Question

How do you simplify `(2-i)/(3-4i)`?

Answer 1

`2/5+1/5i`

Explanation:

To simplify the fraction we require to have a rational denominator.

This is achieved by multiplying the numerator/denominator by the `color(blue)"complex conjugate"` of the complex number on the denominator.

`"The conjugate of " 3-4i" is " 3+4i`

`rArr(2-i)/(3-4i)=((2-i)(3+4i))/((3-4i)(3+4i))`

distributing the numerator/denominator using the FOIL method.
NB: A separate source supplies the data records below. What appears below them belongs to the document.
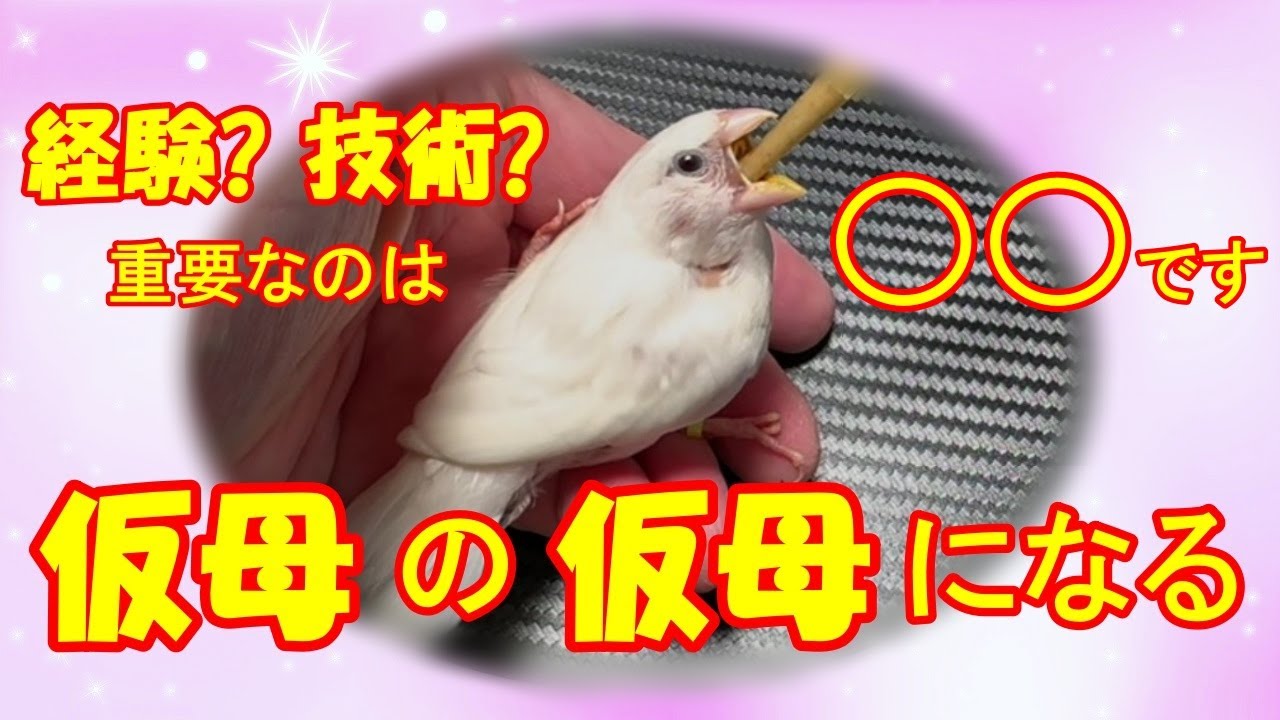 【これを使えば失敗しない】フィンチのヒナを育ててみましょう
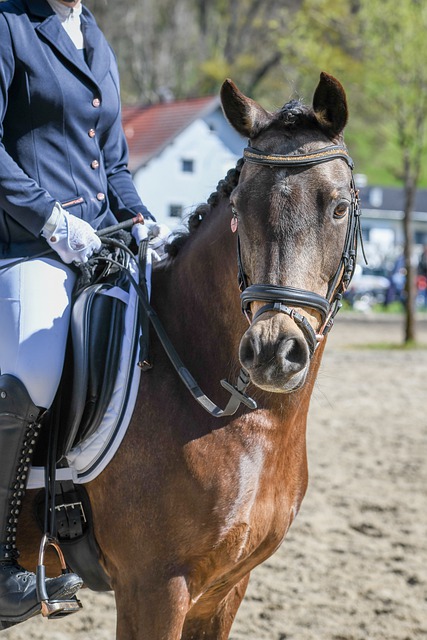 樂部實力榜 樂部實力榜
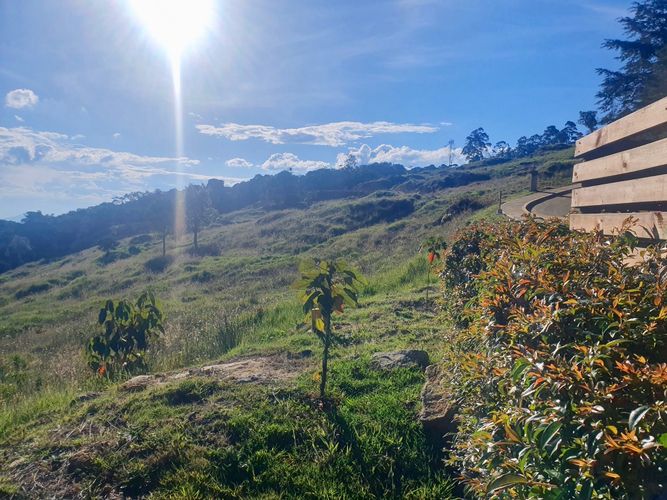 Lote en venta en Las Palmas, Envigado, 6948 m² · foto 20 de 24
`=(6+8i-3i-4i^2)/(9+12i-12i-16i^2)`

`color(orange)"Reminder: " i^2=(sqrt(-1))^2=-1`

`=(6+5i+4)/(9+16)=(10+5i)/25larr" rational denominator"`

`"Expressing in " color(blue)"standard form"`

`=10/25+5/25i=2/5+1/5i`

Answer 2

`(2+i)/5`.

Explanation:

Multiply by the complex conjugate of the denominator, in this case `3+4i`.

`(2-i)/(3-4i)=(2-i)/(3-4i)*(3+4i)/(3+4i)=((2-i)(3+4i))/((3-4i)(3+4i))`.

Numerator: `(2-i)(3+4i)=6+8i-3i-4i^2=6+5i+4=10+5i`.

Denominator: `(3-4i)(3+4i)=9+12i-12i-16i^2=9+16=25`.

So we have `((2-i)(3+4i))/((3-4i)(3+4i))=(10+5i)/25=(2+i)/5`.